According to Masali, JatroDiesel currently offers three different types of pretreatment methods designed specifically to deal with FFAs, including acid esterification, a glycerolysis process known as MGEN, and FFA stripping. He notes that his company has also assessed enzymatic technologies developed by third parties to reduce FFAs. Although those enzymatic solutions work well in the lab, he says they still face some technical issues when it comes to implementing them on an industrial scale.
When considering the need for a pretreatment technology, Masali recommends that biodiesel producers first consider how their existing production system works. That alone can drive which method to use, he says. Second, producers also need to consider what their primary feedstock will be over the long term, and the FFA level of that source. Existing plants also need to consider what type of existing equipment is onsite and how the pretreatment technology ties into those systems.

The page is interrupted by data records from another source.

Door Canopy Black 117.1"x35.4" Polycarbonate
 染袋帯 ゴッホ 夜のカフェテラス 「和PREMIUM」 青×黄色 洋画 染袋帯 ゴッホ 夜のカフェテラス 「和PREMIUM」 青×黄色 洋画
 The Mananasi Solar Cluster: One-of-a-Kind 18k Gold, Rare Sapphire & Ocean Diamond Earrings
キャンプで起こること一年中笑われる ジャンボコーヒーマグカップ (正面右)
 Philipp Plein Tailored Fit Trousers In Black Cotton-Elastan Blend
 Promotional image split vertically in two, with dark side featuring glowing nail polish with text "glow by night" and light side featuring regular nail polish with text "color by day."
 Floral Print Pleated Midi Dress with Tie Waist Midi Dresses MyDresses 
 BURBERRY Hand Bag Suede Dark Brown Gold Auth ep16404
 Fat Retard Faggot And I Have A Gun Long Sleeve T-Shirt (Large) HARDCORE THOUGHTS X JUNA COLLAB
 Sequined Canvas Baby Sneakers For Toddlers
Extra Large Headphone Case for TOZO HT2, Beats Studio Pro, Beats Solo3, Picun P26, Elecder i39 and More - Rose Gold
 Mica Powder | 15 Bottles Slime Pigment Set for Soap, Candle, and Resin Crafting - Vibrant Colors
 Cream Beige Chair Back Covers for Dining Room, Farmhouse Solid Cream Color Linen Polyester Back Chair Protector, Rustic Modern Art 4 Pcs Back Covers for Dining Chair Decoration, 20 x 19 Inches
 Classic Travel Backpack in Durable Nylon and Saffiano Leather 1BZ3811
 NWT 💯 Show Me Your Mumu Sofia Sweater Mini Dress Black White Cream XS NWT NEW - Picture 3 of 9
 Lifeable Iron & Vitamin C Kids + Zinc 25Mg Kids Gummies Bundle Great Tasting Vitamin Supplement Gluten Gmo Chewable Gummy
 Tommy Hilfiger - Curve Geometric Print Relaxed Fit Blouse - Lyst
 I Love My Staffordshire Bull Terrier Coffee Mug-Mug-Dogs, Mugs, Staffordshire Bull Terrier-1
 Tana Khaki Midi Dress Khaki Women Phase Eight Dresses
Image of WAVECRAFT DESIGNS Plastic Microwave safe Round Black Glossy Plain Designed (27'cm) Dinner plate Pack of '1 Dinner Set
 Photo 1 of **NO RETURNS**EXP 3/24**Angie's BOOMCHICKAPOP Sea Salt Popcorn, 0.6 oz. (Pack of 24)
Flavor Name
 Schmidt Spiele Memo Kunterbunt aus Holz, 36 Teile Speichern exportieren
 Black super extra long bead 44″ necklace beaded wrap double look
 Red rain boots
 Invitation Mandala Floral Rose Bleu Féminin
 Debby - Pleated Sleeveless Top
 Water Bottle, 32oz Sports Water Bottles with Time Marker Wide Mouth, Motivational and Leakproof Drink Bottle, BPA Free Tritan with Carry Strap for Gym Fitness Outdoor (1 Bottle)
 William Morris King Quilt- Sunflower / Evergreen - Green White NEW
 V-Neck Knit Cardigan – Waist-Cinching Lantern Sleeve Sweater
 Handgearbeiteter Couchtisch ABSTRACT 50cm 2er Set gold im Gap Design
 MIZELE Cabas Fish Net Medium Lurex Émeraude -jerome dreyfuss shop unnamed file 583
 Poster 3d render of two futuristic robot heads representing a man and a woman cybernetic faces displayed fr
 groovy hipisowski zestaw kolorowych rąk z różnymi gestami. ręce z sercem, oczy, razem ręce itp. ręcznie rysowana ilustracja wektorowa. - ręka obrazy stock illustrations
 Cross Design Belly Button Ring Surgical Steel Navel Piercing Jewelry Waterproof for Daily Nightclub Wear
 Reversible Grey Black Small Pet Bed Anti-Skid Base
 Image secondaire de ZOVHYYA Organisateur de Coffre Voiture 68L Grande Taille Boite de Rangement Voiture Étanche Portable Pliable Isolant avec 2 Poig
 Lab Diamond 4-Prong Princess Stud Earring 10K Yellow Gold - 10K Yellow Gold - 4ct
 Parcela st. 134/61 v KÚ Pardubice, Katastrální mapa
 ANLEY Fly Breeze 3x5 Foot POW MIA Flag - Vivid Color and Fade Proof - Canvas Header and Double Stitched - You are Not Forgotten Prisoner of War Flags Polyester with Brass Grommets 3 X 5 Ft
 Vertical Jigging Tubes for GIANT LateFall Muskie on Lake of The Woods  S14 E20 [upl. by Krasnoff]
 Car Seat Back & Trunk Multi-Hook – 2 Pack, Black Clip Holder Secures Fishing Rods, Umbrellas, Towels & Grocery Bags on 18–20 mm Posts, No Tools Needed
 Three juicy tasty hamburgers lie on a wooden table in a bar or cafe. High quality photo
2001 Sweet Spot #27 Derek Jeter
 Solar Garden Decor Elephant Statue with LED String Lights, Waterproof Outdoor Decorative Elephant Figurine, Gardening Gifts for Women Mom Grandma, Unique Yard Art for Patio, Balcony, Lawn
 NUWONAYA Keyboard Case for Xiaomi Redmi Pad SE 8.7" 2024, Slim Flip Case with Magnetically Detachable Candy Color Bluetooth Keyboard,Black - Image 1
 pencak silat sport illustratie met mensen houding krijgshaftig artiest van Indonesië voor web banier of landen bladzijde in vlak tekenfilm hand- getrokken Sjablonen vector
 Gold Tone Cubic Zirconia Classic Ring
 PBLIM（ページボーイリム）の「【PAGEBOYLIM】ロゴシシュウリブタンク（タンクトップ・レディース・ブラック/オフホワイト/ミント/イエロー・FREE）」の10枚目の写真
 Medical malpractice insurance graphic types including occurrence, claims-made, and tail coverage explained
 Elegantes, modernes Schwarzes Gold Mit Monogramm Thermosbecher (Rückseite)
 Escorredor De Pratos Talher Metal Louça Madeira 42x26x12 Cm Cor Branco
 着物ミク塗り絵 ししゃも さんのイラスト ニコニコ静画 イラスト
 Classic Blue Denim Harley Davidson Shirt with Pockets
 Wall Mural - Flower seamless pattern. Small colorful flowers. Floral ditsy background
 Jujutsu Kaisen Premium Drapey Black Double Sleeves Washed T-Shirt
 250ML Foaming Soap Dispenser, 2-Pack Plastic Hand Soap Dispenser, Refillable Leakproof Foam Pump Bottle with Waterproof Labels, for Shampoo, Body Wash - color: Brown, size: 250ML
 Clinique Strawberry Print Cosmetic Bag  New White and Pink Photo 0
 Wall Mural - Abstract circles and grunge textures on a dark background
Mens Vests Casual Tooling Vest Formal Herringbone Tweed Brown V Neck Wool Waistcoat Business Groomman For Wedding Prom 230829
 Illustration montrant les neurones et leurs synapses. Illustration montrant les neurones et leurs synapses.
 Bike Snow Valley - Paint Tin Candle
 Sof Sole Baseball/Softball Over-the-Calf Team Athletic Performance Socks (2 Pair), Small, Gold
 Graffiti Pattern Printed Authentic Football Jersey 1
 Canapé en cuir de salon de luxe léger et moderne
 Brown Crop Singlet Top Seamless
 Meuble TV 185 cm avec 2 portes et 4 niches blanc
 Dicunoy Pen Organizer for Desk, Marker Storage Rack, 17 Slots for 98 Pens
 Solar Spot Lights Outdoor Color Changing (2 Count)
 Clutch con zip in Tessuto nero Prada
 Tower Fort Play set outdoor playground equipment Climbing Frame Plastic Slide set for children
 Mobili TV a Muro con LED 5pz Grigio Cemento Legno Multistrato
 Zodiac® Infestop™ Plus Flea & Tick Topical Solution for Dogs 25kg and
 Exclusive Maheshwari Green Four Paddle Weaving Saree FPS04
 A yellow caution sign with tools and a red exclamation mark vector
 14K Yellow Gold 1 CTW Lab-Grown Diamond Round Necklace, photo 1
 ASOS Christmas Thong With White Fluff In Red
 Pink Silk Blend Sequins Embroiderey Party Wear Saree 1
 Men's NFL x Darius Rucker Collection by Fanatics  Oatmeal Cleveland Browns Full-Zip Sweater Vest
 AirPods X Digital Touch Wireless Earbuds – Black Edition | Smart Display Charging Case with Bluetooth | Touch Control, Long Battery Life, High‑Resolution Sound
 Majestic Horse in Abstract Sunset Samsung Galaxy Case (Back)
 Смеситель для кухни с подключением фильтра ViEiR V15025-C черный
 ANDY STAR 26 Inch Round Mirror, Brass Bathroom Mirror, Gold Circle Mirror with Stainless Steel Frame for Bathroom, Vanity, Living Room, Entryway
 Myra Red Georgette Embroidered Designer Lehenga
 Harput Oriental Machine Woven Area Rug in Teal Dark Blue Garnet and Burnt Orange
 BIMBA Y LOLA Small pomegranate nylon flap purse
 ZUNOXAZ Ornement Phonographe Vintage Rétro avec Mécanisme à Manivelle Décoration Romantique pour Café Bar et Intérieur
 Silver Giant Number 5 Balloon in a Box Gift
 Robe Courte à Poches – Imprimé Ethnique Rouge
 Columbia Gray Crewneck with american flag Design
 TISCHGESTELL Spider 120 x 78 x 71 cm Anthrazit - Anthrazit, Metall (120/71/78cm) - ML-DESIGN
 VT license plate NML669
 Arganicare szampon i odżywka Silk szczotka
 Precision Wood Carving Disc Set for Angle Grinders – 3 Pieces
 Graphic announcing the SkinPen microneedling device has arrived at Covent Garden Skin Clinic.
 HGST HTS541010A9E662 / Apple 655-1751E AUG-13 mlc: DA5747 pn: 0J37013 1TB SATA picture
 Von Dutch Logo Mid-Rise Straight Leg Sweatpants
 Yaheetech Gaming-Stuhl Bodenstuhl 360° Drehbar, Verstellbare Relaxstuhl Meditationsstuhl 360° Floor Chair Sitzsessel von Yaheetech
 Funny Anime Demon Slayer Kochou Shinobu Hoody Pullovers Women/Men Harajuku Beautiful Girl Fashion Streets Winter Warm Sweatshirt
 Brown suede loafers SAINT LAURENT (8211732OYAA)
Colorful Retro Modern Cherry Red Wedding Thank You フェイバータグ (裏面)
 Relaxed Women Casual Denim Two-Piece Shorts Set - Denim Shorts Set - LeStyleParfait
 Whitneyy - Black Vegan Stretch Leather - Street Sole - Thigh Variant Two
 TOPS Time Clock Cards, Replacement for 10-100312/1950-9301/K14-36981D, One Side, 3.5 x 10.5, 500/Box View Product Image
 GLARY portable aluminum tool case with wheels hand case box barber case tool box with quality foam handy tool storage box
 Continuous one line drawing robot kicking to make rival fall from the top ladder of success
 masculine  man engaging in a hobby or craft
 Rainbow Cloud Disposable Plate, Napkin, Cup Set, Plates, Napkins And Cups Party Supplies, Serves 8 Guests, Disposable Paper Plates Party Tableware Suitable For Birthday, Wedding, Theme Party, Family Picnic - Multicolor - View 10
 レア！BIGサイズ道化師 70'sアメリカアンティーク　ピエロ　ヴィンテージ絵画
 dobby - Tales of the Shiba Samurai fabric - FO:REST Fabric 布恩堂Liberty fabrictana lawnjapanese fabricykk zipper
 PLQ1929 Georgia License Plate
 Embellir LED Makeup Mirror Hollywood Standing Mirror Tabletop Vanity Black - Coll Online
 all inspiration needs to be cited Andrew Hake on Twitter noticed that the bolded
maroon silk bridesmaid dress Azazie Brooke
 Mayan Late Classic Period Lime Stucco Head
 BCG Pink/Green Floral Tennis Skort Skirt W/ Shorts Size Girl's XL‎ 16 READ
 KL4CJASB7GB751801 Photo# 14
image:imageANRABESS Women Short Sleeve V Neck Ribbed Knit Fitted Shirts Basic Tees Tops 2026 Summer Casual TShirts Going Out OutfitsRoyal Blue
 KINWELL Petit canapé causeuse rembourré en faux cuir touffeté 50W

While each process may have its own unique range of FFA levels it is most appropriate for, each solution also has challenges that must be considered. Although Van Gerpen stresses that adsorbents can be very effective when dealing with low levels of FFA, generally up to 2 percent, he also notes that the method results in a fairly significant amount of waste material that a producer will need to deal with. “The adsorbents are extracting the free fatty acids out and adsorbing those free fatty acids into the powder,” he says. “That powder then needs to be disposed of, and typically you do that by putting it into a landfill.”
Acid esterification also results in a significant amount of waste. Although the method can effectively deal with fatty acid ranges a high as 100 percent, Van Gerpen notes that the disadvantage is that you are working with concentrated sulfuric acid at the facility. “Ultimately, that sulfuric acid has to be neutralized and disposed of,” Van Gerpen explains. “You end up with a waste stream there. The acid esterification is a very versatile technology, but it does involve handling more hazardous materials than certain biodiesel producers might be comfortable with.”
When it comes to enzyme treatments for FFA reduction, Van Gerpen seems to agree with Masali’s assessment. “They are limited by most of the same factors as acid esterification, except they tend to be slower and they are still constrained by things like chemical equilibrium,” Van Gerpen says.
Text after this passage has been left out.